PROBLEM DESCRIPTION:
Take the entries below and print, exactly, the stretch from the line containing "BOSS Infant Boys" through the line containing "Binding the Old", both included.

INPUT FOR THIS TASK:
########################################

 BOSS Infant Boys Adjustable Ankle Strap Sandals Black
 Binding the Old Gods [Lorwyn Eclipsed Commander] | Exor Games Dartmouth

########################################

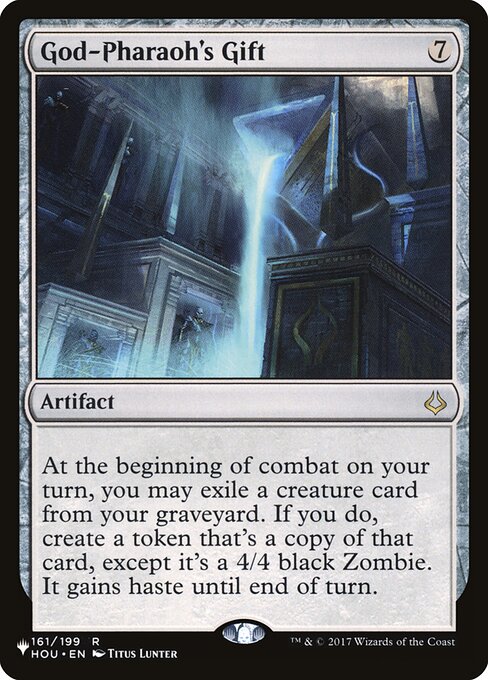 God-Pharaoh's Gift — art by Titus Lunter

########################################

FINISHED TASK:
 BOSS Infant Boys Adjustable Ankle Strap Sandals Black
 Binding the Old Gods [Lorwyn Eclipsed Commander] | Exor Games Dartmouth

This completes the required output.